The curve representing the meningoencephalitis cases is the most significant tool in tracking the epidemic. Testing and confirmation of West Nile fever cases were discouraged in order not to overwhelm laboratory capacity. However, sera that were submitted from West Nile fever suspects and received at the laboratory were tested and their results were reported and integrated in the surveillance system. Figure 1 shows the minimal number of confirmed cases of West Nile fever at the beginning of the outbreak.
Geographical Distribution
West Nile infections occurred in most of Louisiana's parishes (41 out of 64). Including other mammals (particularly horses) and birds, the West Nile infections were found in 60 of the 64 parishes. However, West Nile exhibited a very focal distribution: 12 parishes reporting 10 cases or more comprised 274 cases out of a total of 329 cases (83% of cases) (Figure 2). Within these parishes the distribution was also very focal.
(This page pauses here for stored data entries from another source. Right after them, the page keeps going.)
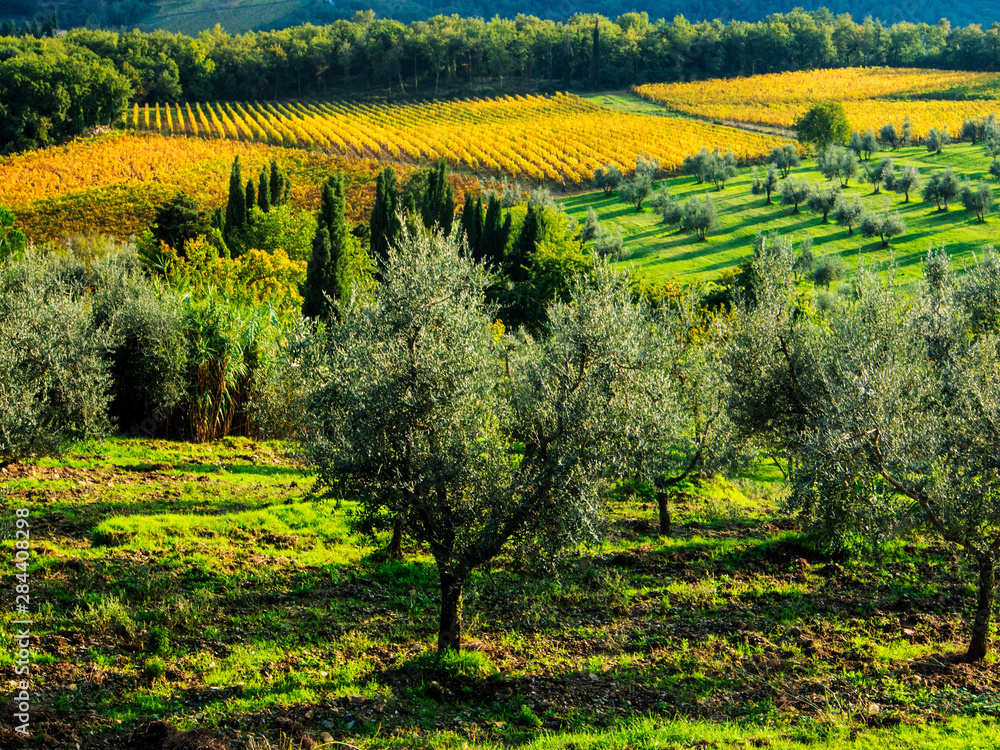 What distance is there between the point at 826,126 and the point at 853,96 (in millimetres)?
42005

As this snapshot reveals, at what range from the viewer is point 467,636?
14.0 m

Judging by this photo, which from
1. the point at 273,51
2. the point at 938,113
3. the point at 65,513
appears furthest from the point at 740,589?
the point at 273,51

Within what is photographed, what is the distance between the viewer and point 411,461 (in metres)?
11.7

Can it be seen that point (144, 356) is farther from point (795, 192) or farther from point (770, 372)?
point (795, 192)

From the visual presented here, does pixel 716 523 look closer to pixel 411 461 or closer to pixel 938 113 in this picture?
pixel 411 461

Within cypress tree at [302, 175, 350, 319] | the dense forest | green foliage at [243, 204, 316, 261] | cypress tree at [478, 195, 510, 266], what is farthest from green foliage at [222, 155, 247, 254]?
the dense forest

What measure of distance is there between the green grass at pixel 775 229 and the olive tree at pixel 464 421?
1669 inches

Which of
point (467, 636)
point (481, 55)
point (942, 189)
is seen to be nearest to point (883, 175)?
point (942, 189)

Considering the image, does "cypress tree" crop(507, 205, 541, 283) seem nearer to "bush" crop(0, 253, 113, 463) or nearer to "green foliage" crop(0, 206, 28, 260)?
"green foliage" crop(0, 206, 28, 260)

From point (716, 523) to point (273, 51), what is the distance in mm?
157784

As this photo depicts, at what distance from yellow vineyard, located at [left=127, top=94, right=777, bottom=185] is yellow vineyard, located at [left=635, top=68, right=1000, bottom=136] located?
12831 millimetres

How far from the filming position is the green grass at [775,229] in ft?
205

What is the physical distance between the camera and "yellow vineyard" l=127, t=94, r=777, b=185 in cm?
10494

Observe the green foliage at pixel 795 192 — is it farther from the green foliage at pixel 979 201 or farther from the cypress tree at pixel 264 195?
the cypress tree at pixel 264 195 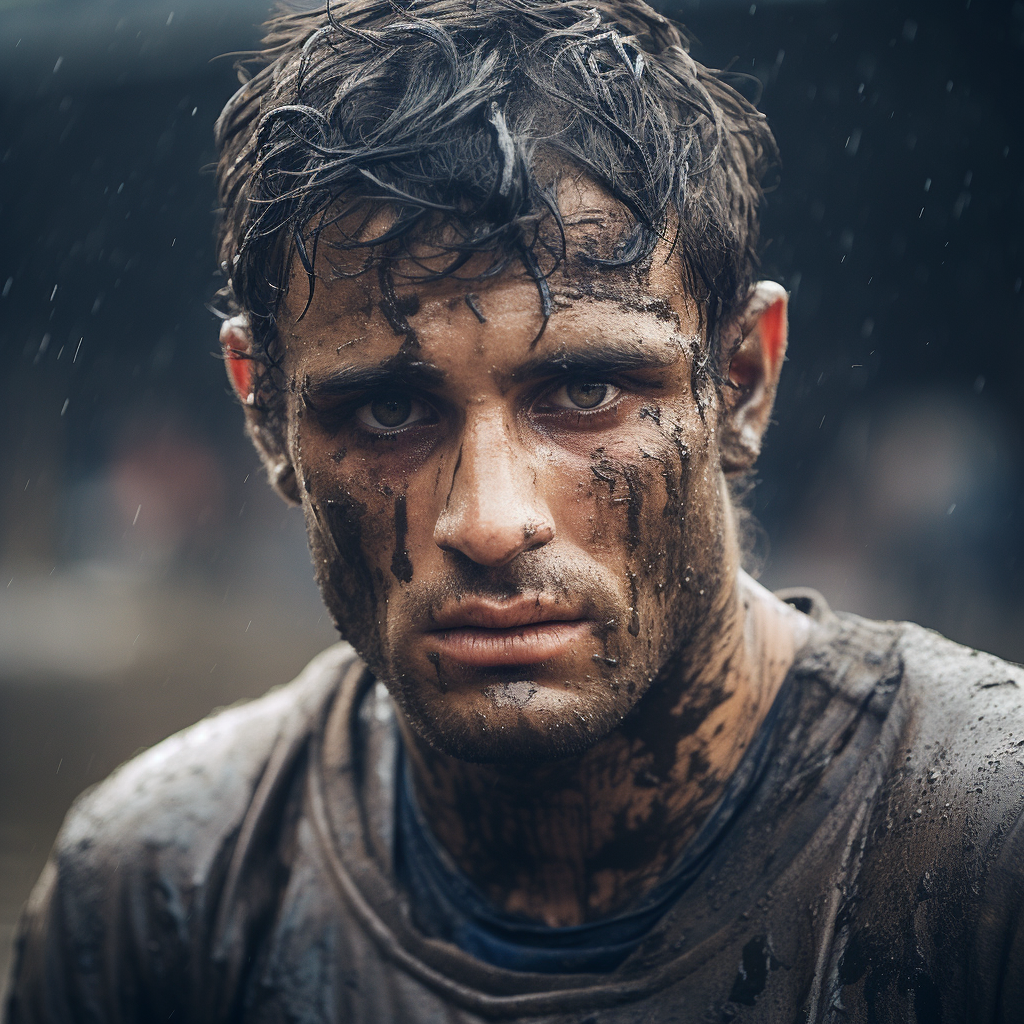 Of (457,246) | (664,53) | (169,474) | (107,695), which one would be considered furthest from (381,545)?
(169,474)

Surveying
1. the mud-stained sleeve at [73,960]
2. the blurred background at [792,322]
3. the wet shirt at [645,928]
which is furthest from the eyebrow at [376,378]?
the blurred background at [792,322]

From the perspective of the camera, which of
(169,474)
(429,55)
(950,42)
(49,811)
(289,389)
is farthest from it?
(169,474)

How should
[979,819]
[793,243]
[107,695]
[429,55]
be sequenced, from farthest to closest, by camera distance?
[107,695], [793,243], [429,55], [979,819]

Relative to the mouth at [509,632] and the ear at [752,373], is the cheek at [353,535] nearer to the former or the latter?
the mouth at [509,632]

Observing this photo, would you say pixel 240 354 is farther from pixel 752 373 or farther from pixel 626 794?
pixel 626 794

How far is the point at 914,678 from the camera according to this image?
66.9 inches

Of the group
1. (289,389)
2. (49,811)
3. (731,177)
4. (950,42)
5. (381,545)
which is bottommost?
(49,811)

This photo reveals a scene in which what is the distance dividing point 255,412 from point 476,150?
788mm

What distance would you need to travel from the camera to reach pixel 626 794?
68.9 inches

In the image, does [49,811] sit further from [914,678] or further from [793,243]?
[793,243]

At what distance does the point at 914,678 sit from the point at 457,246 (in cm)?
106

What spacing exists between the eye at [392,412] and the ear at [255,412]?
354 mm

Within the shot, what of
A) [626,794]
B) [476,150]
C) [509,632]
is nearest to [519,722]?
[509,632]

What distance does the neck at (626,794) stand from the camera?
174cm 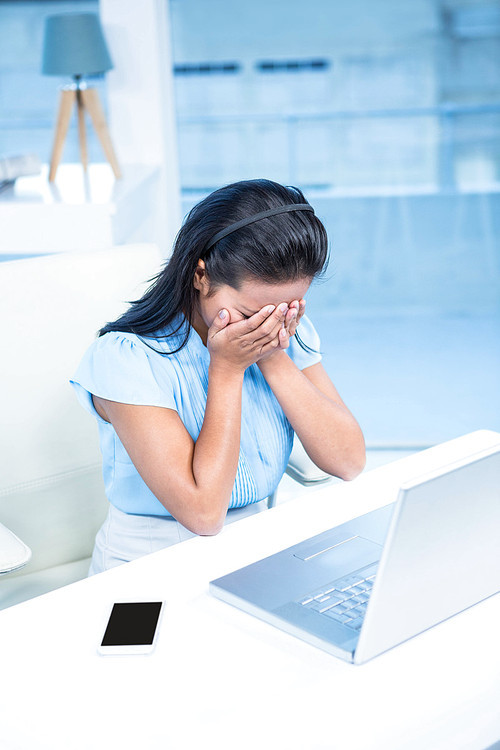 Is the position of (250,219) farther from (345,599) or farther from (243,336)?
(345,599)

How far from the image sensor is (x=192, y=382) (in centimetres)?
137

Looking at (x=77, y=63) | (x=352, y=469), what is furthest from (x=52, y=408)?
(x=77, y=63)

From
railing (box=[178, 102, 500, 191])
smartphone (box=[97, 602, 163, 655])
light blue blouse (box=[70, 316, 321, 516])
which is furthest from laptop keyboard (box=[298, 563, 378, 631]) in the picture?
railing (box=[178, 102, 500, 191])

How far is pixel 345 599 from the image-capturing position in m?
0.96

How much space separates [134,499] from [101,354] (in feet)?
0.80

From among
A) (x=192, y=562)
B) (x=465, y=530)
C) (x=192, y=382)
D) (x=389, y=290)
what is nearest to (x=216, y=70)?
(x=389, y=290)

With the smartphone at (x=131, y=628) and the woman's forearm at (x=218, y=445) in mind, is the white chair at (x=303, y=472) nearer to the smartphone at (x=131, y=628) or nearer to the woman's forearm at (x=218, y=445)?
the woman's forearm at (x=218, y=445)

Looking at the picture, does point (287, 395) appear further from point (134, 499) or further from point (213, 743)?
point (213, 743)

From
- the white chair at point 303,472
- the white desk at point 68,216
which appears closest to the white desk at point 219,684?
the white chair at point 303,472

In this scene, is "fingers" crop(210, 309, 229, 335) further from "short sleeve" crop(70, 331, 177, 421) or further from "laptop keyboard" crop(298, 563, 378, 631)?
"laptop keyboard" crop(298, 563, 378, 631)

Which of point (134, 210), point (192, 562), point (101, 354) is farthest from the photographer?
point (134, 210)

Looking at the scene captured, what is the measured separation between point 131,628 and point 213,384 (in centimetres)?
45

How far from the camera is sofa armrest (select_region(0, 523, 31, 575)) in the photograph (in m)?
1.18

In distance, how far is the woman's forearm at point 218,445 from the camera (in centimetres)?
121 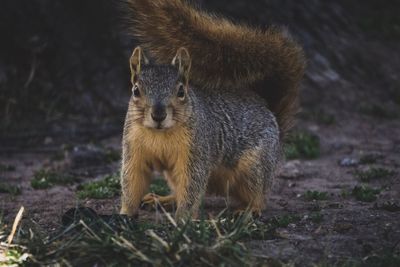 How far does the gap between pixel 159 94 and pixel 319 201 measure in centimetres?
175

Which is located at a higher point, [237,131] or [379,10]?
[379,10]

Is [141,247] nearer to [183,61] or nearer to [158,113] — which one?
[158,113]

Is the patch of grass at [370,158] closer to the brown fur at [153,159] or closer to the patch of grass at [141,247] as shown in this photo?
the brown fur at [153,159]

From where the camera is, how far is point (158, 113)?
13.5ft

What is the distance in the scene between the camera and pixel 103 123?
7.65 metres

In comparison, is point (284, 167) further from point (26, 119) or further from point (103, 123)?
point (26, 119)

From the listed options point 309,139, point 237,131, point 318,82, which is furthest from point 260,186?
point 318,82

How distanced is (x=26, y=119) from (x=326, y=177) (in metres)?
3.12

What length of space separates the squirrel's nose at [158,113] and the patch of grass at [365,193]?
6.23ft

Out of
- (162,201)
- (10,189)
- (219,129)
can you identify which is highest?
(219,129)

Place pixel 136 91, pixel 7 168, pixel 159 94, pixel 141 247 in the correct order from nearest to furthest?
pixel 141 247
pixel 159 94
pixel 136 91
pixel 7 168

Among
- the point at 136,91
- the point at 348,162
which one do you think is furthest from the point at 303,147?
the point at 136,91

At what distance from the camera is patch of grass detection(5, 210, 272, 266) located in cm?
354

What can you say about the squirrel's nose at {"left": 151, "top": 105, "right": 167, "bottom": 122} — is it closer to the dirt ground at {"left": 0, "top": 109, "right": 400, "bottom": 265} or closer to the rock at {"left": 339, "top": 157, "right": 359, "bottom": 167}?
the dirt ground at {"left": 0, "top": 109, "right": 400, "bottom": 265} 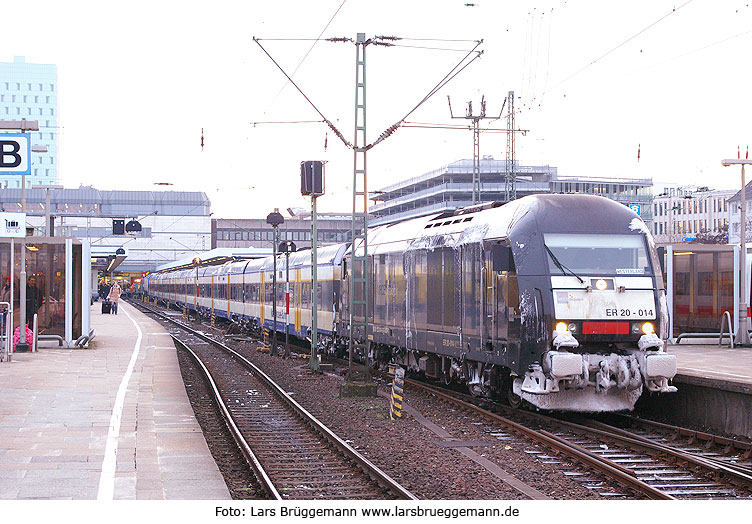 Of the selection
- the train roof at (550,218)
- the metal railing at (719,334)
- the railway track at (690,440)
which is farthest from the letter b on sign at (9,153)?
the metal railing at (719,334)

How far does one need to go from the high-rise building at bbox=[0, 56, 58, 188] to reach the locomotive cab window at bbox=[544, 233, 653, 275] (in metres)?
8.90

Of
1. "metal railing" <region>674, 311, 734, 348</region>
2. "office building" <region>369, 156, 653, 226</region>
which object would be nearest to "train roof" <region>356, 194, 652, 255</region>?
"metal railing" <region>674, 311, 734, 348</region>

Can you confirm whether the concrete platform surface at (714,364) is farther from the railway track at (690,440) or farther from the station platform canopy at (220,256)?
the station platform canopy at (220,256)

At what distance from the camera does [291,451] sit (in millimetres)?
12859

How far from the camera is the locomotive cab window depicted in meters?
14.4

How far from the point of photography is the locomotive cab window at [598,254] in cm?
1436

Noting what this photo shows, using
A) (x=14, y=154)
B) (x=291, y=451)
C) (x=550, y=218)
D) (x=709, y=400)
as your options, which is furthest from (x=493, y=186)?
(x=291, y=451)

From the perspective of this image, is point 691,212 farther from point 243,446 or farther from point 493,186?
point 243,446

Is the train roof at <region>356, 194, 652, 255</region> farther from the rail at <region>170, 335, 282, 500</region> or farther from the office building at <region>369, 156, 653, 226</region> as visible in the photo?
the office building at <region>369, 156, 653, 226</region>

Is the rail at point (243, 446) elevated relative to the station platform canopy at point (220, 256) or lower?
lower

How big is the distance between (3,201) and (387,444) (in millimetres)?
95767

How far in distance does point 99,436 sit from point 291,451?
2.43 m

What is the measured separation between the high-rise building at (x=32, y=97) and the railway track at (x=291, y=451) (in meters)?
6.06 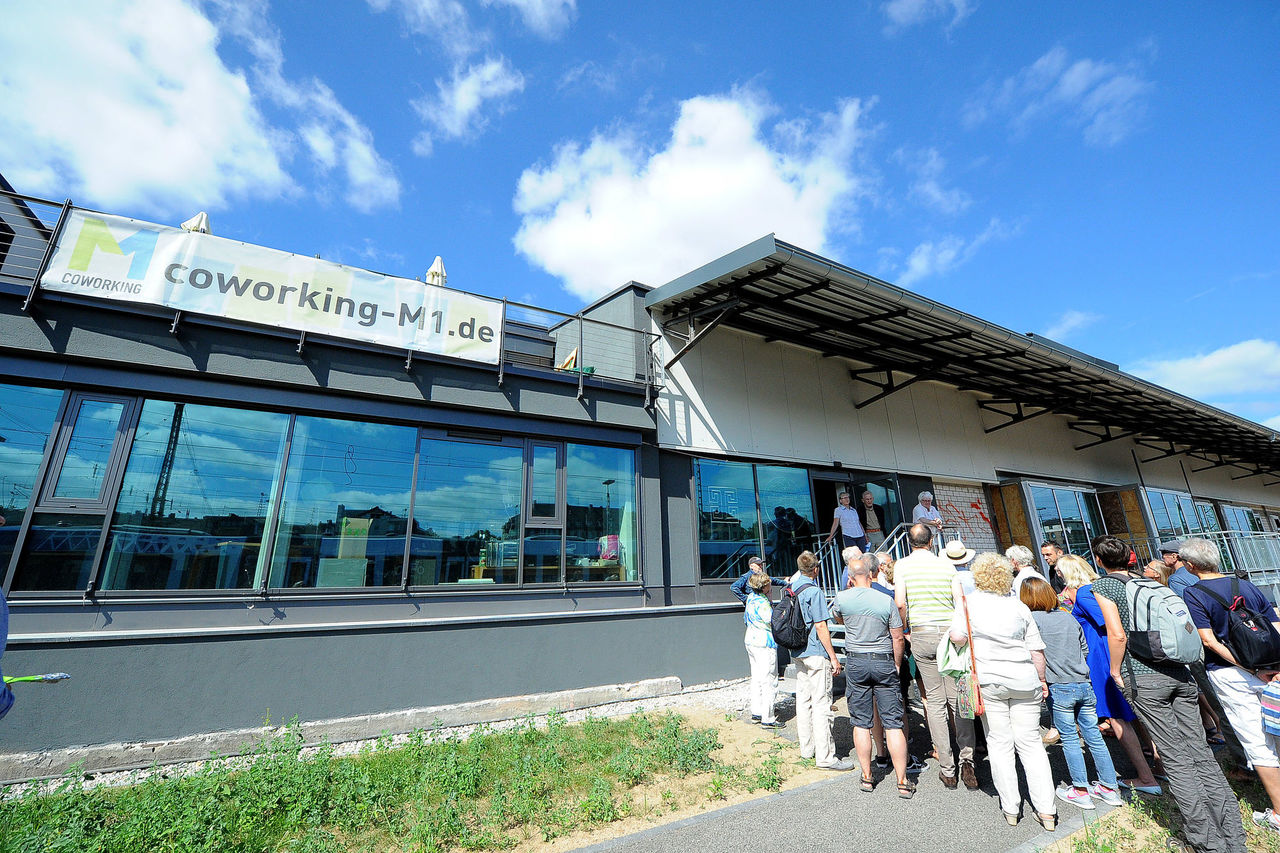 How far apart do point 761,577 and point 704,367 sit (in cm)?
419

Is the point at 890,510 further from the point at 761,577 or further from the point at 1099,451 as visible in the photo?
the point at 1099,451

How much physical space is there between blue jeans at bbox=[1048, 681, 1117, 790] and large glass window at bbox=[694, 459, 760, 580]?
16.4 ft

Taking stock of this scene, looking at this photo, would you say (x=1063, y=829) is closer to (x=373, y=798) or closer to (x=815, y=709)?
(x=815, y=709)

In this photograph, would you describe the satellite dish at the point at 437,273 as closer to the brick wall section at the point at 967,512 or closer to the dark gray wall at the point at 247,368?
the dark gray wall at the point at 247,368

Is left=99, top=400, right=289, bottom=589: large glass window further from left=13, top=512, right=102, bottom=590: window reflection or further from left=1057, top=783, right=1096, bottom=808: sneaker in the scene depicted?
left=1057, top=783, right=1096, bottom=808: sneaker

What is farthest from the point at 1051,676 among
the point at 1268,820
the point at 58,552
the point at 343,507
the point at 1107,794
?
the point at 58,552

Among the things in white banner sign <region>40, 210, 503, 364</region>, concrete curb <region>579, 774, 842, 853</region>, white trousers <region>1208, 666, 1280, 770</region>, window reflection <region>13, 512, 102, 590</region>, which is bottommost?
concrete curb <region>579, 774, 842, 853</region>

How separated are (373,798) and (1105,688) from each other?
576cm

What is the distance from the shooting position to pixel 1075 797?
13.7 feet

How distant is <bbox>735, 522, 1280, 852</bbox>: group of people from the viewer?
366cm

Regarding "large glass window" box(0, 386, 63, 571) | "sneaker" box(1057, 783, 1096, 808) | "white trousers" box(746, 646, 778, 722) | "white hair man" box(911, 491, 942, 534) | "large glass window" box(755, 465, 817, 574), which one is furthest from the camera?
"large glass window" box(755, 465, 817, 574)

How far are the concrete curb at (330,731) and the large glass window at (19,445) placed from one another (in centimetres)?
170

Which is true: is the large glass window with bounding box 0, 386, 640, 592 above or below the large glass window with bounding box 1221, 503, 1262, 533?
below

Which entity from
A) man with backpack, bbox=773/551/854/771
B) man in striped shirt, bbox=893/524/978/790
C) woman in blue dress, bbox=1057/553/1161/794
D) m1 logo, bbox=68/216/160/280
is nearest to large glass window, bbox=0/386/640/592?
m1 logo, bbox=68/216/160/280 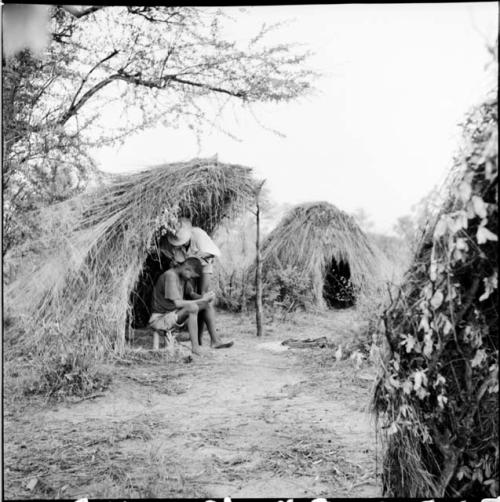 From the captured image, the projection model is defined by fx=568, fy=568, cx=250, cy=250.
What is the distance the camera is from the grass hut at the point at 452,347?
1906mm

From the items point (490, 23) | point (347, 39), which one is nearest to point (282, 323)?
point (347, 39)

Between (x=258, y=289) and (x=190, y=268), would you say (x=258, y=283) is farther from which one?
(x=190, y=268)

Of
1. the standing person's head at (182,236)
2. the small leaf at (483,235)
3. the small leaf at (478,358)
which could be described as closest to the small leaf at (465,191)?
the small leaf at (483,235)

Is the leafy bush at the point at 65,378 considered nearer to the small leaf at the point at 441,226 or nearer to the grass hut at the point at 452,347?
the grass hut at the point at 452,347

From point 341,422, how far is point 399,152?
1.30 meters

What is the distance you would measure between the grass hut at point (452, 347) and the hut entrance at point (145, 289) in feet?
4.88

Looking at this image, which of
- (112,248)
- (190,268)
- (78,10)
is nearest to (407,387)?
(190,268)

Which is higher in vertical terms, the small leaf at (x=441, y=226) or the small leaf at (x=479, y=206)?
the small leaf at (x=479, y=206)

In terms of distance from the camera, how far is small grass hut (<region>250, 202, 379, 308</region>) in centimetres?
291

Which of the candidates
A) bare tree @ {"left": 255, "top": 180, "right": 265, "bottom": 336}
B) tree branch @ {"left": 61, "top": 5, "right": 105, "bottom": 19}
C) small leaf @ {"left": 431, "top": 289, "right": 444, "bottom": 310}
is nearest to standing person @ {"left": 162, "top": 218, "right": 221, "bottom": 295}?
bare tree @ {"left": 255, "top": 180, "right": 265, "bottom": 336}

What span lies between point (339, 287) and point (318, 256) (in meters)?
0.37

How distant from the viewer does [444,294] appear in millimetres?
1983

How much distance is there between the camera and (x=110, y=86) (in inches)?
113

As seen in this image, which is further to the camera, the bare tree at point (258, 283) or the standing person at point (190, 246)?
the standing person at point (190, 246) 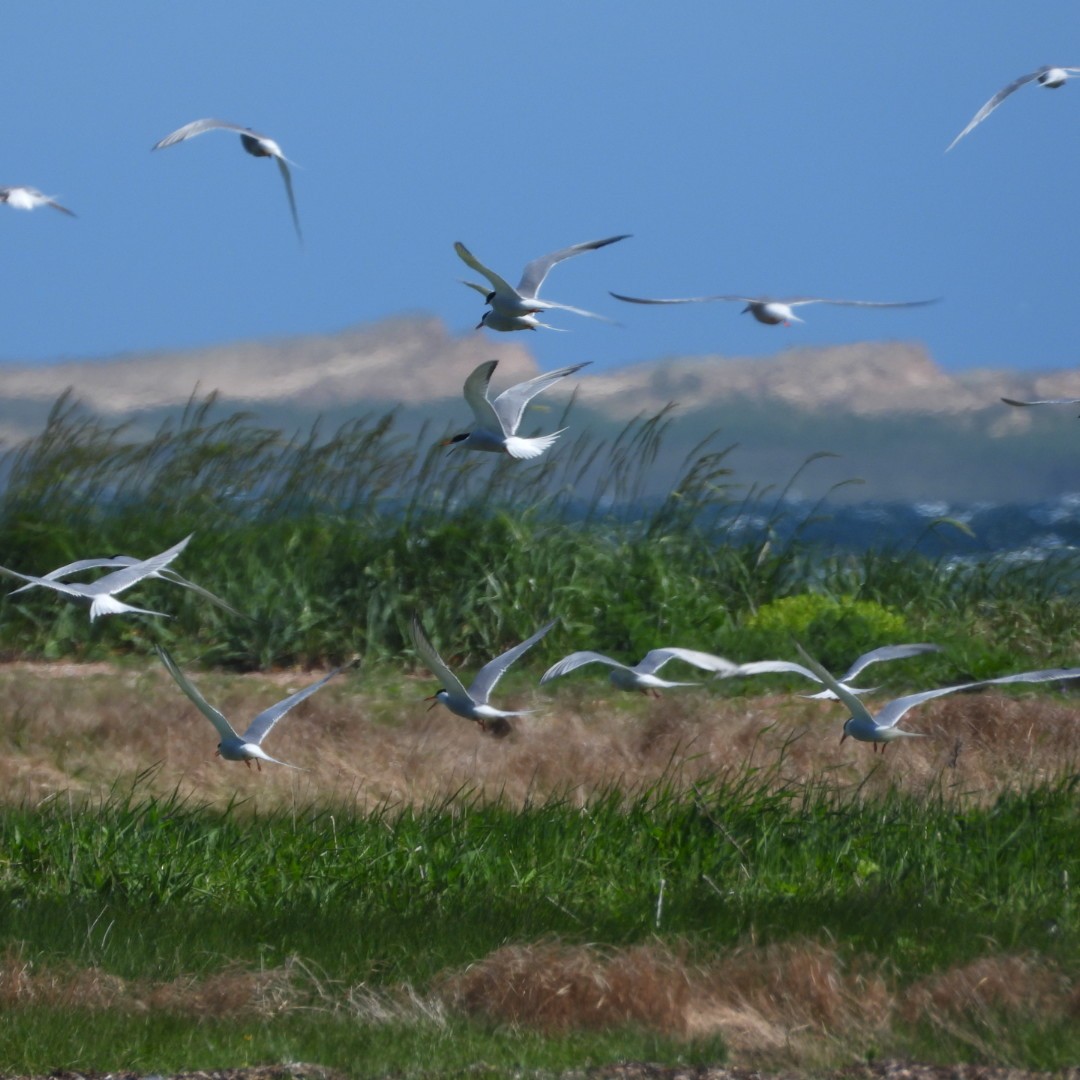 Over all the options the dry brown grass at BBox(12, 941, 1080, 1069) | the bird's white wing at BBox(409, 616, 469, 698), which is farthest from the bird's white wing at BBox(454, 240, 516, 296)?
the dry brown grass at BBox(12, 941, 1080, 1069)

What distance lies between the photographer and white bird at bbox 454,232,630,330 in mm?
4949

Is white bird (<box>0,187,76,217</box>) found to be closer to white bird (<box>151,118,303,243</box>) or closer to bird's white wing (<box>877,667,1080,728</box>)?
white bird (<box>151,118,303,243</box>)

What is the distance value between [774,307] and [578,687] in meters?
4.34

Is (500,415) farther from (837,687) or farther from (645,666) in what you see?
(837,687)

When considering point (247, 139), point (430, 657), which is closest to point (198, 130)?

The 2002 West Nile epidemic was characterized by a combination of small foci concentrated within cities or limited rural areas, and sporadic cases in rural areas (Table 1, Figure 2). These foci were staggered in time. The first outbreaks occurred north of Lake Pontchartrain in St. Tammany, Tangipahoa, and Livingston Parishes during June. At the end of June, foci appeared to the west in East Baton Rouge and Ascension Parishes. In July, new foci appeared in Calcasieu and Ouachita (southwestern and northeastern corners of the state). In mid-July, foci were initiated south of the lake in the New Orleans metropolitan area (Orleans and Jefferson Parishes) and west of Baton Rouge in Pointe Coupee Parish. In mid-August, a focus began in the central Louisiana parish of Rapides.
Age, Race, and Gender Distribution
The age and gender distribution of cases is presented in Table 2. All age groups exhibit a preponderance of males. The ratio of males to females was 1.24:1. The incidence of new cases of meningoencephalitis increased progressively from 0.3/100,000 in the 0–14 age group to 9.0/100,000 in the 60–74 year old age group, and increased dramatically to 32.2/100,000 in the over-75 age group.
Thirty two percent of West Nile meningoencephalitis cases were African American, a percentage not significantly different from the percentage of the African American population in Louisiana.
Death
The distribution of death by age group shows a similar pattern with very low mortality rates (0.0 to 0.7/100,000) in those younger than 75 and a dramatic increase to 10.7/100,000 in the 75 and over age group.
DISCUSSION
WNV was recently imported into the US and made its way to Louisiana in the Fall of 2001. It was unknown how much WNV would impact the southern states. Experience shows that WNV found a very favorable ecological niche throughout Louisiana. The ease of spread of the epidemic is an ominous sign for the future.
The description of this epidemic raises many of questions that would need to be answered to refine preventive measures. The reasons that lead to an area becoming a focus of human WNV infection are far from being completely understood. There seem to be some populated areas with intense WNV transmission in birds but not in humans.
A WNV human focus may fade for three theoretical reasons: naturally changing ecological conditions, mosquito control activities, and personal protection measures. The respective importance of these three reasons is not yet understood.